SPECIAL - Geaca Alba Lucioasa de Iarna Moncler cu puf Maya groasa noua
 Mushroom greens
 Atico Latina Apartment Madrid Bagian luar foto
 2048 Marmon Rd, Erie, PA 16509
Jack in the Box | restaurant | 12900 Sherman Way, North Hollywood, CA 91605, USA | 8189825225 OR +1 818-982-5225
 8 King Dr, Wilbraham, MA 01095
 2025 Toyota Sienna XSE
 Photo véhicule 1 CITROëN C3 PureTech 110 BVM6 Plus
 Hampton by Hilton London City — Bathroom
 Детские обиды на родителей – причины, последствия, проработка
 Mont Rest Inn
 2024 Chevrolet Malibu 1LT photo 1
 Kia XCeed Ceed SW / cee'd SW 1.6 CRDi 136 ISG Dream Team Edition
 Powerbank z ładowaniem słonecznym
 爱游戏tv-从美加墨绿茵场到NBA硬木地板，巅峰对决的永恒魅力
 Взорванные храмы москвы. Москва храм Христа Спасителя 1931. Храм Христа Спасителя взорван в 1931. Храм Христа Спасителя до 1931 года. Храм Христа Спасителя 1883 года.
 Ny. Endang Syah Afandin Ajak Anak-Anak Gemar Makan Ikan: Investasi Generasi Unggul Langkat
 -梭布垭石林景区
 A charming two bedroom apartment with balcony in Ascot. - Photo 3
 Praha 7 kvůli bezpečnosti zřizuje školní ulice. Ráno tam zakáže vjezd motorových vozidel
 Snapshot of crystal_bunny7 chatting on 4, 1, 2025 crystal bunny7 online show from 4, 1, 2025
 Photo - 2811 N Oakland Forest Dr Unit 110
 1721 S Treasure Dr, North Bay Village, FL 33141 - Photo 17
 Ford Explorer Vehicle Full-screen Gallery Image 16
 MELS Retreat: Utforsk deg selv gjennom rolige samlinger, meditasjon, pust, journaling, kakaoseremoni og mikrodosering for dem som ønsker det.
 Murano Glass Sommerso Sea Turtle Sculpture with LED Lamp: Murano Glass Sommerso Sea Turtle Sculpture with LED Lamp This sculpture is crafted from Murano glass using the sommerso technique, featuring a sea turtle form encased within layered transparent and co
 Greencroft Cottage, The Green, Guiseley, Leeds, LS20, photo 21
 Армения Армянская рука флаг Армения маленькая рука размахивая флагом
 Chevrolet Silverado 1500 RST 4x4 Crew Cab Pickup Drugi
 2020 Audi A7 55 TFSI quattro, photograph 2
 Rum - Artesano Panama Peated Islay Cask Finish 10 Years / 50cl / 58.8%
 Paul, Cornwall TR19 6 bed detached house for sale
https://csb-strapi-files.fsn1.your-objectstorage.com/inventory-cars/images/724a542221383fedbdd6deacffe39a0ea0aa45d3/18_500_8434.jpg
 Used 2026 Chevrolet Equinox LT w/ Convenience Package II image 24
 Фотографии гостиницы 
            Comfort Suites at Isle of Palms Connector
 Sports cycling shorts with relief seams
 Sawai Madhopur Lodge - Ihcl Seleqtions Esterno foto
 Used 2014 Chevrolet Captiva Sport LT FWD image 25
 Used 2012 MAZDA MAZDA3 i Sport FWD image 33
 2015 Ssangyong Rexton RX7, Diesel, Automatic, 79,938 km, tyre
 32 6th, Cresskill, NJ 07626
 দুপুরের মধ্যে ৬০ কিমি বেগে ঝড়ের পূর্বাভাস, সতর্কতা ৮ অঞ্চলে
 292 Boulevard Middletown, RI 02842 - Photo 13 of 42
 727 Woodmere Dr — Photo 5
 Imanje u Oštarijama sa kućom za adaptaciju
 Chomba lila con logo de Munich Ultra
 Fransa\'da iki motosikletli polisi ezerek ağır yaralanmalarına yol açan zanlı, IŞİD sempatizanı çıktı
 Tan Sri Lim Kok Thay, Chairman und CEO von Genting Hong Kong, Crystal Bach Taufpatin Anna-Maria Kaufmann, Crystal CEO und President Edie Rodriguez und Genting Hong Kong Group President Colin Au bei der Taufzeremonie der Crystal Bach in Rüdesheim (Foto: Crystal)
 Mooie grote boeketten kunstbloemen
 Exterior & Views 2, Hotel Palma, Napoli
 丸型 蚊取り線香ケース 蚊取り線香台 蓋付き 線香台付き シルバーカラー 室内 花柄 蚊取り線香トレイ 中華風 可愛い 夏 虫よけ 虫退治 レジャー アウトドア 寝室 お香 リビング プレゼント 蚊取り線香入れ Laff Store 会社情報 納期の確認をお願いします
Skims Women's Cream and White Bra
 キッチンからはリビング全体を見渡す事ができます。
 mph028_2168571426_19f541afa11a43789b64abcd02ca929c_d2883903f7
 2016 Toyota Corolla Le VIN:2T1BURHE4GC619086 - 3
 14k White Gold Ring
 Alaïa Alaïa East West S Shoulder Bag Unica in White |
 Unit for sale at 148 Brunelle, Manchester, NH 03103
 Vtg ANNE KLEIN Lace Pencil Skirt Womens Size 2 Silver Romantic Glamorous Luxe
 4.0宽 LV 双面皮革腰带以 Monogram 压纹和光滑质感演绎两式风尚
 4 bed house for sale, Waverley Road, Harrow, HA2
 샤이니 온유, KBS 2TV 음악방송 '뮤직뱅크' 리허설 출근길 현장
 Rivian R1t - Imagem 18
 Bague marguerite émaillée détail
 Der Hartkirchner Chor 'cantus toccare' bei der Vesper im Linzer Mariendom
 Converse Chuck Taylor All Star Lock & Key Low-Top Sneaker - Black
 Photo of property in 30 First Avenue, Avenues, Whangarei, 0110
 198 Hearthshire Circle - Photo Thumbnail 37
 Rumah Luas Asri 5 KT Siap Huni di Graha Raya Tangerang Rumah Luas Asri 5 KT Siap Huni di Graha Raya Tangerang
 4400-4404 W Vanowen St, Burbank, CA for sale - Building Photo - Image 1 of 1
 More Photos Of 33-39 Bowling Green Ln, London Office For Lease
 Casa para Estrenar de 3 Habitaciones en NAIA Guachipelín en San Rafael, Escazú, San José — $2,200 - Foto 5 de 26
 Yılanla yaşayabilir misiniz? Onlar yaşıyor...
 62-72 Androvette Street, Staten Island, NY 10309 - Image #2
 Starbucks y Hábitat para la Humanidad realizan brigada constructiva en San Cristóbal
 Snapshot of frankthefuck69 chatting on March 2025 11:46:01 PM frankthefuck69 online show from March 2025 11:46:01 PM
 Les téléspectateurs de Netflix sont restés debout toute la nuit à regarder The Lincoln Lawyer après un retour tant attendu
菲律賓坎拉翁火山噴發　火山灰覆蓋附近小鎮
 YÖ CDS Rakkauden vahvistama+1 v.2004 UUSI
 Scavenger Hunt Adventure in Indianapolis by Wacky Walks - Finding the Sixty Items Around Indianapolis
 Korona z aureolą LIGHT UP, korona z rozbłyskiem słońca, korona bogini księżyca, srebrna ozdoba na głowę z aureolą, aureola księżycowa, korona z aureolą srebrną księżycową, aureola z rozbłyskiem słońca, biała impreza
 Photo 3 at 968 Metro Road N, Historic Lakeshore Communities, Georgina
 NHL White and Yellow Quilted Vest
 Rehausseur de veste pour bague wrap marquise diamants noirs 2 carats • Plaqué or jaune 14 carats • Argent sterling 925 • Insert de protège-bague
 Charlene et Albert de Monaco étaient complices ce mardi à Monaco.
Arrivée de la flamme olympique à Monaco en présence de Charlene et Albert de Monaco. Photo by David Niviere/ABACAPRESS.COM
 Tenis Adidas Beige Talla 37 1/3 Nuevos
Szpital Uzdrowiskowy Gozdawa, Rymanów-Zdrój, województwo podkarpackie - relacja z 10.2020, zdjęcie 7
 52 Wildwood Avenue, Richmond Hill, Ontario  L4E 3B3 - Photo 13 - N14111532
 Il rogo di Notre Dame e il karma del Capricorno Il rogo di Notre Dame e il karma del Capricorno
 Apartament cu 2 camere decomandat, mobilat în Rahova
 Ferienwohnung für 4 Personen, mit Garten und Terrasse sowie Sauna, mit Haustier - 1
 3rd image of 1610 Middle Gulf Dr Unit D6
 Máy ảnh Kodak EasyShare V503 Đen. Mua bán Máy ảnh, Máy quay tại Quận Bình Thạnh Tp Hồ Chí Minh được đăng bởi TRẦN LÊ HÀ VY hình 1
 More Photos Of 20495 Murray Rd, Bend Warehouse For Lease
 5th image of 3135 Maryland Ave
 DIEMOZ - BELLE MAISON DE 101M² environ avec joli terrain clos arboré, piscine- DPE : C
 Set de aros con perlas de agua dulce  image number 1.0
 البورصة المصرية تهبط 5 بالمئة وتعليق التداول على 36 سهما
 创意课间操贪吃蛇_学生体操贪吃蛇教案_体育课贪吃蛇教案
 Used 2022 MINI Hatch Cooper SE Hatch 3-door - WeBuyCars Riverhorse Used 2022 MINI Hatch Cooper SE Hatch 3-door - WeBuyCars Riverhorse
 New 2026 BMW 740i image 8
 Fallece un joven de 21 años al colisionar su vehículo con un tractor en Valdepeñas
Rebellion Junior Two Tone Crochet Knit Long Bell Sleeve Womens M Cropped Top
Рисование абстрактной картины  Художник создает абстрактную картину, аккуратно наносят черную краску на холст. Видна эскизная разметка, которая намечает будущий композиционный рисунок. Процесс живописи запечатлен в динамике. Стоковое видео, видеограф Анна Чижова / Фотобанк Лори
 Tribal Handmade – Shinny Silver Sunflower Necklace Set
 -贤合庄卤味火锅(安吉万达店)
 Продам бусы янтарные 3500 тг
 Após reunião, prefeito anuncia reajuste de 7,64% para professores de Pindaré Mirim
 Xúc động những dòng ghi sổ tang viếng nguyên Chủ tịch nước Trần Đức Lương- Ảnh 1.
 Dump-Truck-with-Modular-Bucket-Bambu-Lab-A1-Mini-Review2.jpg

-----

_WORK TO BE COMPLETED_. Go through the listing and copy each line with the string "Used".

_WRITTEN REPLY_.
 Used 2026 Chevrolet Equinox LT w/ Convenience Package II image 24
 Used 2014 Chevrolet Captiva Sport LT FWD image 25
 Used 2012 MAZDA MAZDA3 i Sport FWD image 33
 Used 2022 MINI Hatch Cooper SE Hatch 3-door - WeBuyCars Riverhorse Used 2022 MINI Hatch Cooper SE Hatch 3-door - WeBuyCars Riverhorse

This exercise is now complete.